I used to have this image of the freelancer, perpetually on Twitter, covered in crumbs, never in bed – and that idea really scared me. I know some people who can do that and stay sharp. They don’t get up until 1pm, and they stay up until 4’o’clock in the morning, but that could never work for me. I knew I’d need some kind of structure. If something confounds my routine, things start to fall apart quite easily.
Do you work with fixed goals in mind or take it day by day depending on what comes up?
I definitely have fixed long term goals. At the moment, the only real goal is to finish my second book. And I know that in order to do that - and I have to get it done by the 1st of March - in my head!

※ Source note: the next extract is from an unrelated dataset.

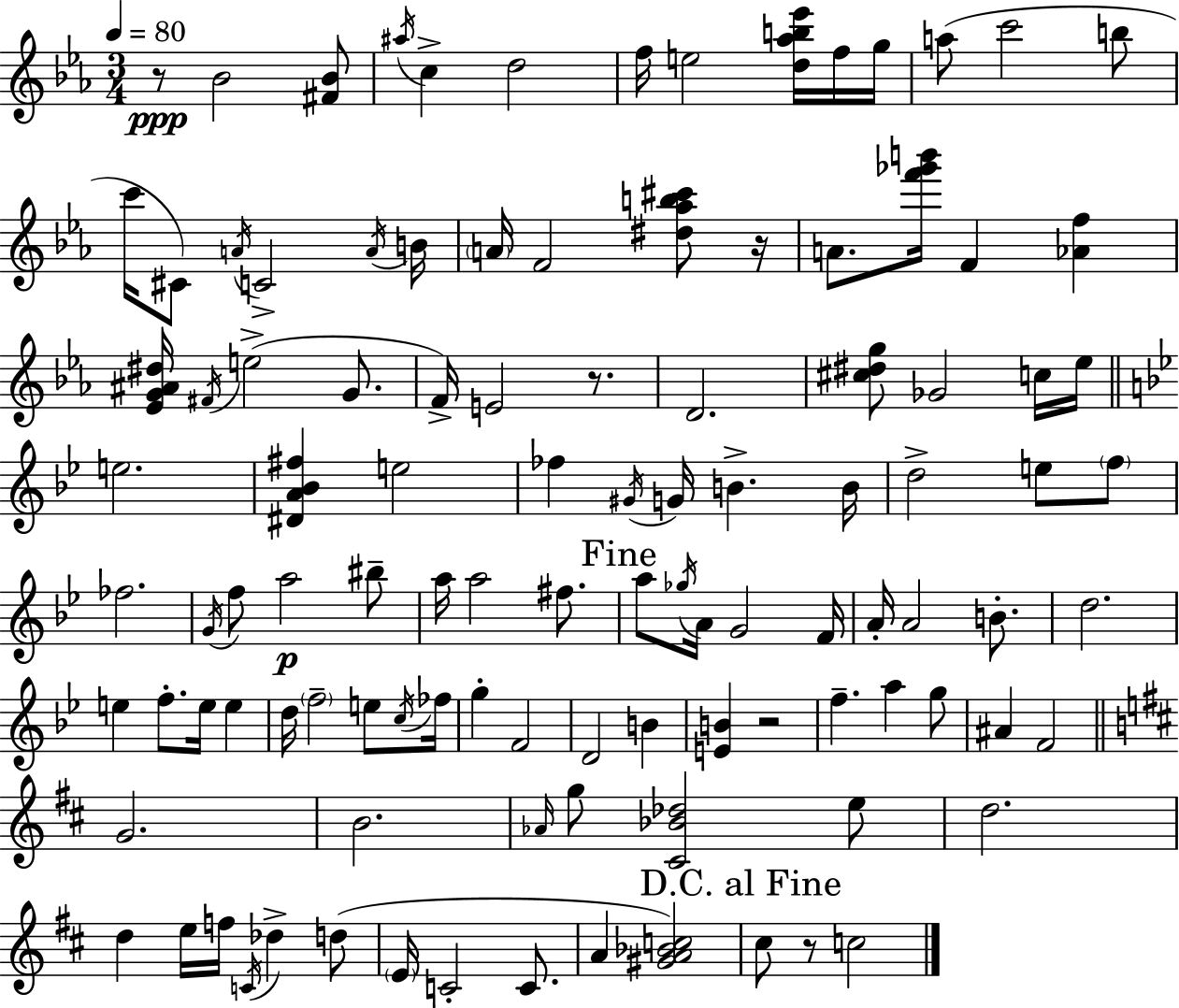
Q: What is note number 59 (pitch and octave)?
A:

(UPDATE: Caroline met this deadline! Katya obviously did not meet the deadline of transcribing this interview…)
I have to write 600 words per day, minimum. I find that really useful, because if I was just thinking "lalala, I’ll work on it until it’s done", I would just keep hammering on new bits and it would never get done!
With my first book, I got it into my head that a book is 100,000 words long. I don’t know why - I just decided that’s a nice round number. When I hit 50,000 words on my second book, I said to my friend Ella “Oh, I’m half way through!” And she said “….No you’re not! Books are 80,000 words long.” I was like “Wait, you mean I’m MORE than half-way done?” That was an excellent day.
What inspires you?
I think … Women? Just generally! ! Just talking to women. How women feel about each other fascinates me. Most of what I’ve done creatively started by chatting to another woman about something. It’s not even about taking the feminist political stance of “Oh I only want to talk about women because men are talked about ENOUGH, thank you very much!” I just find women incredibly compelling as storytellers, and as characters.

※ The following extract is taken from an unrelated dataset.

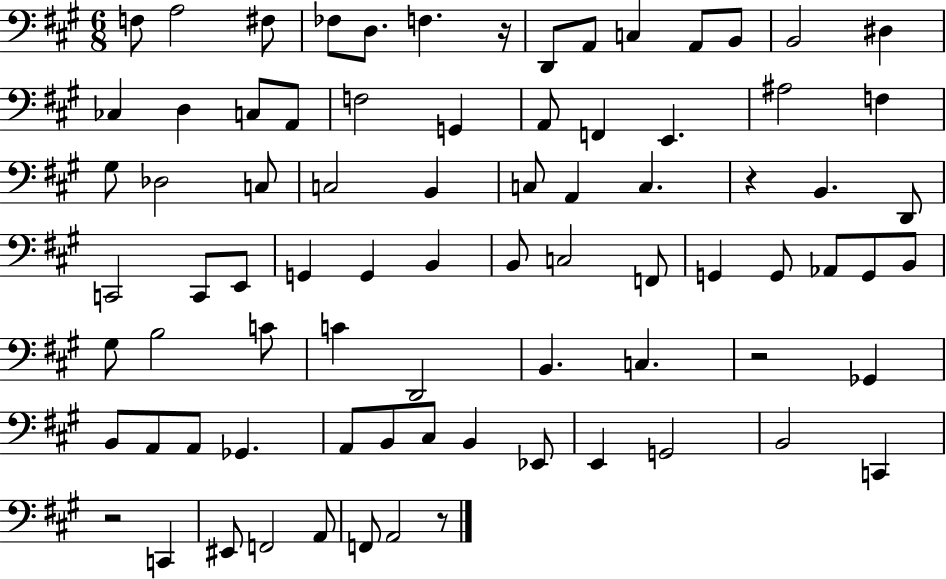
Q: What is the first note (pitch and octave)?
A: F3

That’s the nature of The Pool as a website, so my articles tend to be about women, but my novels are also very much about women’s lives, and the music I create, for some reason, is always about women in history. The entire gender is my eternal muse!
What’s your favourite thing about your job?
Doing it! You hear a lot about writer’s block; writers who resent what they’re doing and say every word is tortuous… But I love thinking of every sentence as a puzzle. Especially when you’re writing something sort of funny and you need to work out which word feels funnier than the other? I love thinking about that.
Was that always the case? Have you ever experienced writer’s block?
I can’t remember a time in my life when I wasn’t writing, but there have definitely been times when I’ve had a crisis in confidence, and that communicates, I think, as a crisis of tone. When you start writing, you find a voice for yourself, and then I guess you fall in love with your own voice a bit? When I first started out, I really enjoyed being a little bit surrealist, a little bit weird. I felt like doing it again recently, so in my blog, Work in Prowess, I write things like fake tarot readings. I wrote about fake lunches between people, one of whom is dead.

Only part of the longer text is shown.